Panda Anshuman, Betigeri Anil, Subramanian Kalyanasundaram, Ross Jeffrey S, Pavlick Dean C, Ali Siraj, Markowski Paul, Silk Ann, Kaufman Howard L, Lattime Edmund, Mehnert Janice M, Sullivan Ryan, Lovly Christine M, Sosman Jeffrey, Johnson Douglas B, Bhanot Gyan, Ganesan Shridar
Rutgers Cancer Institute of New Jersey, New Brunswick, NJ.
Department of Physics and Astronomy, Rutgers University, Piscataway, NJ.
JCO Precis Oncol. 2017;2017. doi: 10.1200/PO.17.00146. Epub 2017 Dec 7.
An association between mutational burden and response to immune checkpoint therapy has been documented in several cancer types. The potential for such a mutational burden threshold to predict response to immune checkpoint therapy was evaluated in several clinical datasets, where mutational burden was measured either by whole-exome sequencing (WXS) or using commercially available sequencing panels.
WXS and RNA-seq data of 33 solid cancer types from TCGA were analyzed to determine whether a robust immune checkpoint activating mutation (iCAM) burden threshold associated with evidence of immune checkpoint activation exists in these cancers that may serve as a biomarker for response to immune checkpoint blockade therapy.
We find that a robust iCAM threshold, associated with signatures of immune checkpoint activation, exists in 8 of 33 solid cancers: melanoma, lung adenocarcinoma, colon adenocarcinoma, endometrial cancer, stomach adenocarcinoma, cervical cancer, ER+HER2- breast cancer, and bladder-urothelial cancer. Tumors with mutational burden higher than the threshold (iCAM+) also had clear histologic evidence of lymphocytic infiltration. In published datasets of melanoma, lung adenocarcinoma and colon cancer, patients with iCAM+ tumors had significantly better response to immune checkpoint therapy compared to those with iCAM- tumors. ROC analysis using TCGA predictions as gold standard showed that iCAM+ tumors are accurately identifiable using clinical sequencing assays, such as FoundationOne or StrandAdvantage. Using the FoundationOne derived threshold, analysis of 113 melanoma tumors, showed that iCAM+ patients have significantly better response to immune checkpoint therapy. iCAM+ and iCAM- tumors have distinct mutation patterns and different immune microenvironments.
In 8 solid cancers, a mutational burden threshold exists that may predict response to immune checkpoint blockade. This threshold is identifiable using available clinical sequencing assays.
在多种癌症类型中,已证实突变负荷与免疫检查点治疗反应之间存在关联。在多个临床数据集中评估了这种突变负荷阈值预测免疫检查点治疗反应的潜力,其中突变负荷通过全外显子测序(WXS)或使用市售测序面板进行测量。
分析了来自TCGA的33种实体癌类型的WXS和RNA测序数据,以确定在这些癌症中是否存在与免疫检查点激活证据相关的强大免疫检查点激活突变(iCAM)负荷阈值,该阈值可作为免疫检查点阻断治疗反应的生物标志物。

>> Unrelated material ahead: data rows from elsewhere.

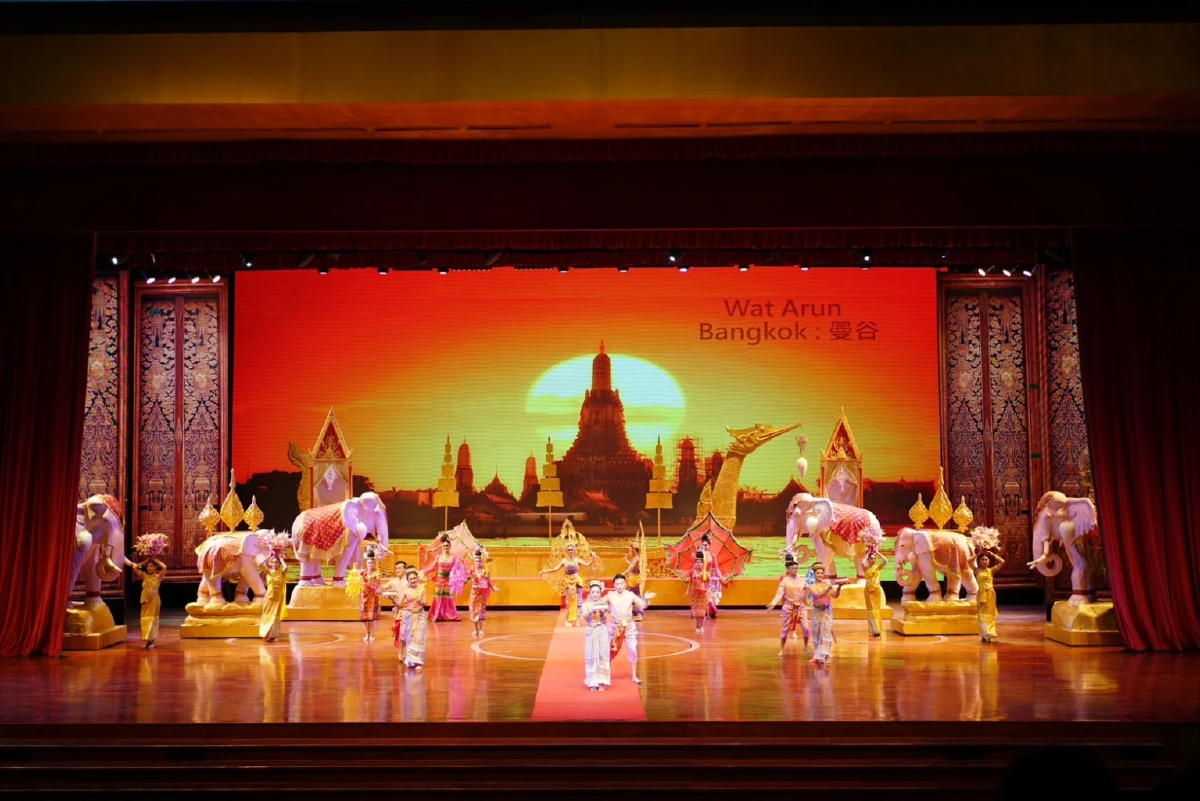 สวนนงนุชพัทยา จัดโปรฯ รับเทศกาลสงกรานต์ ซื้อบัตร 5 ฟรี 1 ตลอดเดือนเมษายน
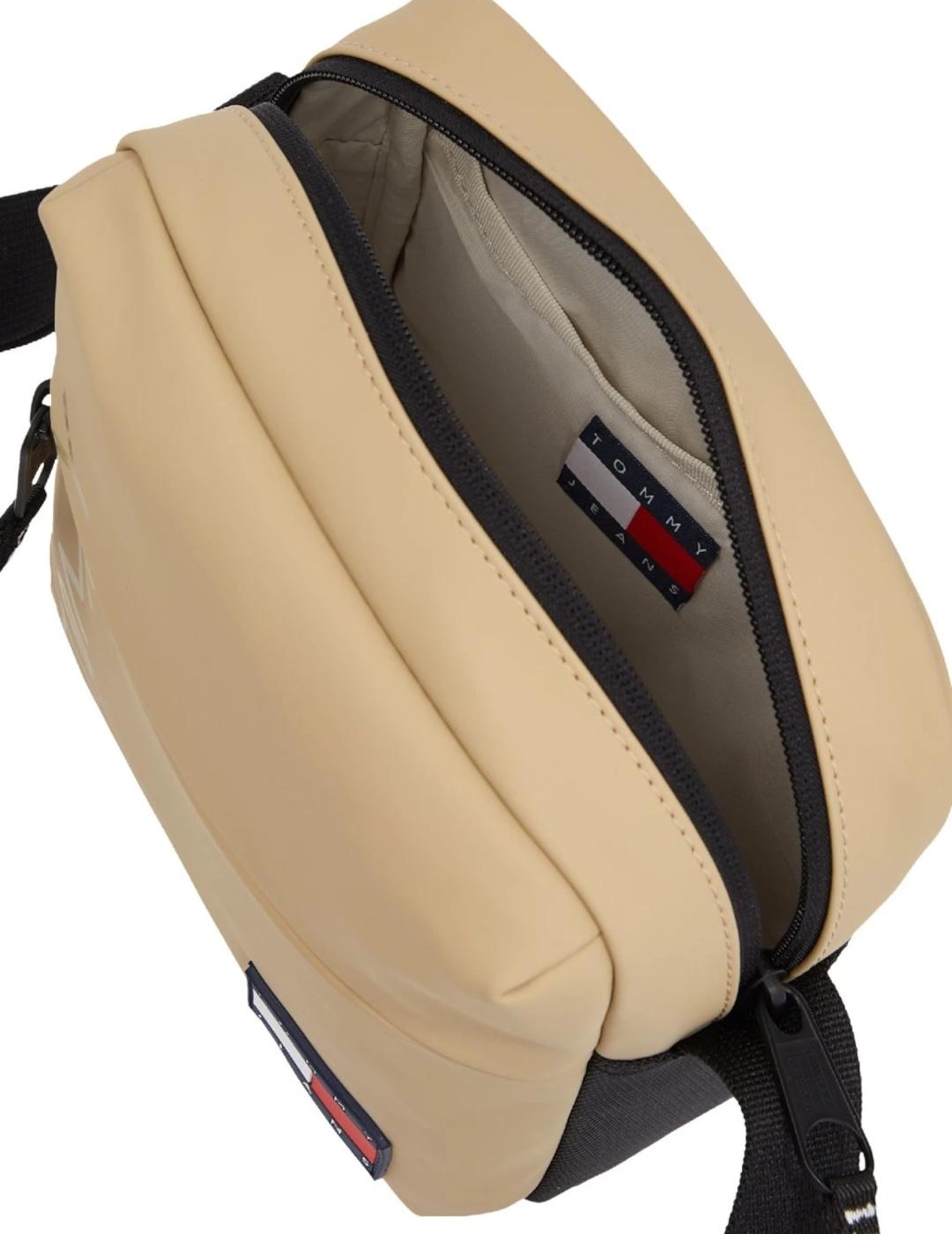 TOMMY BANDOLERA BEIGE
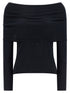 Max Mara Mxmfaretra Sweater Blue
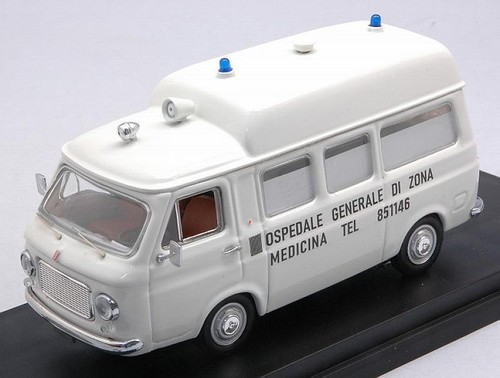 Fiat 238 ambulanza bologna - 238,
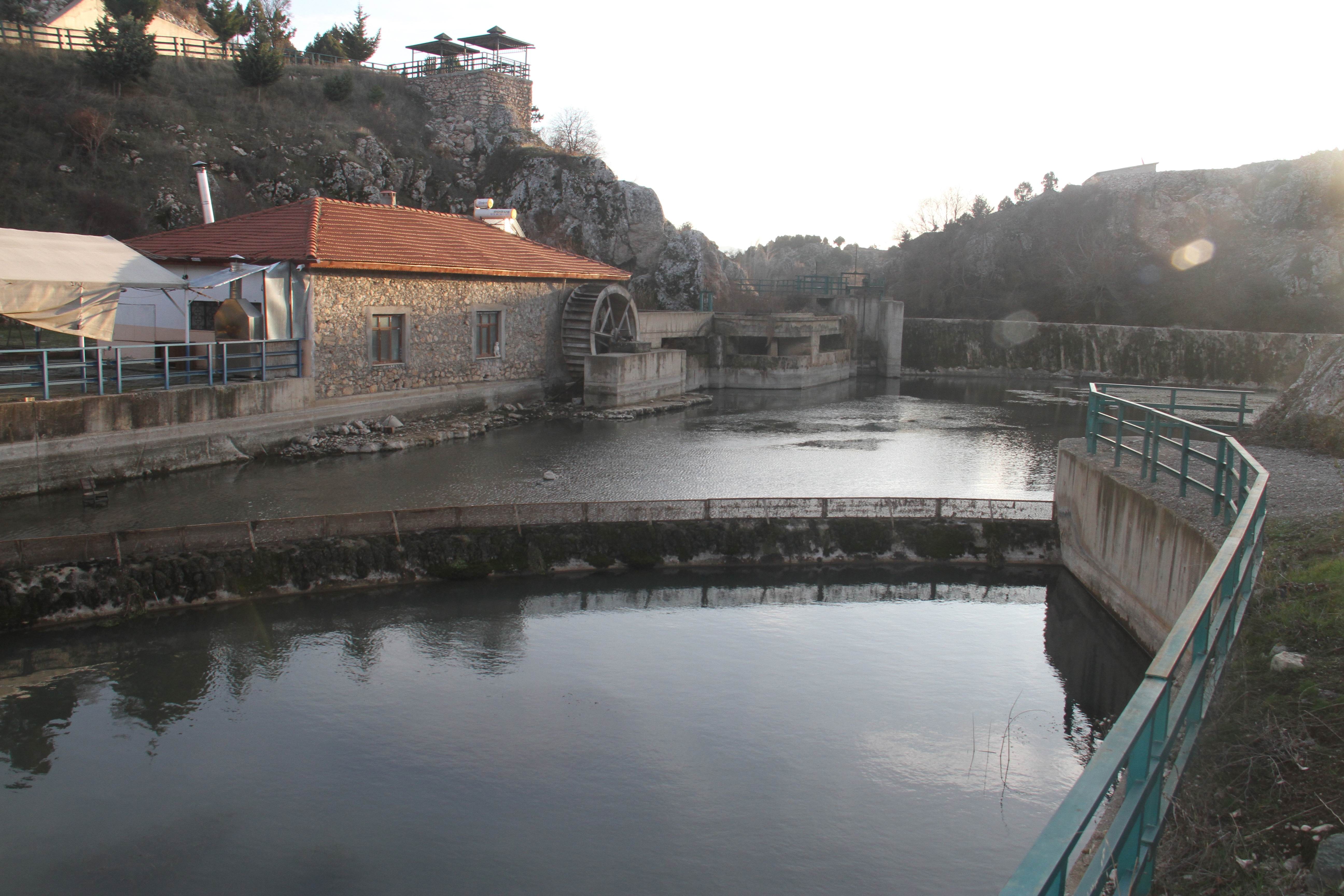 Beyşehir Gölü'nün su kaynakları da kurudu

我们发现,在33种实体癌中的8种癌症中存在与免疫检查点激活特征相关的强大iCAM阈值:黑色素瘤、肺腺癌、结肠腺癌、子宫内膜癌、胃腺癌、宫颈癌、雌激素受体阳性人表皮生长因子受体2阴性乳腺癌和膀胱尿路上皮癌。突变负荷高于阈值的肿瘤(iCAM+)也有明显的淋巴细胞浸润组织学证据。在已发表的黑色素瘤、肺腺癌和结肠癌数据集中,与iCAM-肿瘤患者相比,iCAM+肿瘤患者对免疫检查点治疗的反应明显更好。使用TCGA预测作为金标准的ROC分析表明,使用FoundationOne或StrandAdvantage等临床测序检测方法可以准确识别iCAM+肿瘤。使用FoundationOne得出的阈值分析113例黑色素瘤肿瘤,结果表明iCAM+患者对免疫检查点治疗的反应明显更好。iCAM+和iCAM-肿瘤具有不同的突变模式和不同的免疫微环境。
在8种实体癌中,存在一个可能预测免疫检查点阻断反应的突变负荷阈值。使用现有的临床测序检测方法可以识别该阈值。